─── EXTRACTED MATERIAL ───
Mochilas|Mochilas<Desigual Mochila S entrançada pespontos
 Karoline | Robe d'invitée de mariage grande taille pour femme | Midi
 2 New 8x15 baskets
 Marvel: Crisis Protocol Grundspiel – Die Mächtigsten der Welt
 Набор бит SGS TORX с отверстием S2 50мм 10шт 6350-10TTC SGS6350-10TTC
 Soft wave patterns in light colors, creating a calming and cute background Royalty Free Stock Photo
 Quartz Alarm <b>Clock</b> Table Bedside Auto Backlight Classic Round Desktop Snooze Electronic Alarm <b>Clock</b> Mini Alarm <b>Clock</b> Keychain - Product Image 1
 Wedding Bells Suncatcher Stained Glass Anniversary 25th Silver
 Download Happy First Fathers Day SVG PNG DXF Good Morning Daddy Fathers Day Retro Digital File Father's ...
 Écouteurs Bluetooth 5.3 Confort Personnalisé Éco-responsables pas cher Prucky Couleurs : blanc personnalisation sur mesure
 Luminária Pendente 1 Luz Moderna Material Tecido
───
### EXERCISE AIM
Exactly as given, please retype all the entries.

### OUTPUT
Mochilas|Mochilas<Desigual Mochila S entrançada pespontos
 Karoline | Robe d'invitée de mariage grande taille pour femme | Midi
 2 New 8x15 baskets
 Marvel: Crisis Protocol Grundspiel – Die Mächtigsten der Welt
 Набор бит SGS TORX с отверстием S2 50мм 10шт 6350-10TTC SGS6350-10TTC
 Soft wave patterns in light colors, creating a calming and cute background Royalty Free Stock Photo
 Quartz Alarm <b>Clock</b> Table Bedside Auto Backlight Classic Round Desktop Snooze Electronic Alarm <b>Clock</b> Mini Alarm <b>Clock</b> Keychain - Product Image 1
 Wedding Bells Suncatcher Stained Glass Anniversary 25th Silver
 Download Happy First Fathers Day SVG PNG DXF Good Morning Daddy Fathers Day Retro Digital File Father's ...
 Écouteurs Bluetooth 5.3 Confort Personnalisé Éco-responsables pas cher Prucky Couleurs : blanc personnalisation sur mesure
 Luminária Pendente 1 Luz Moderna Material Tecido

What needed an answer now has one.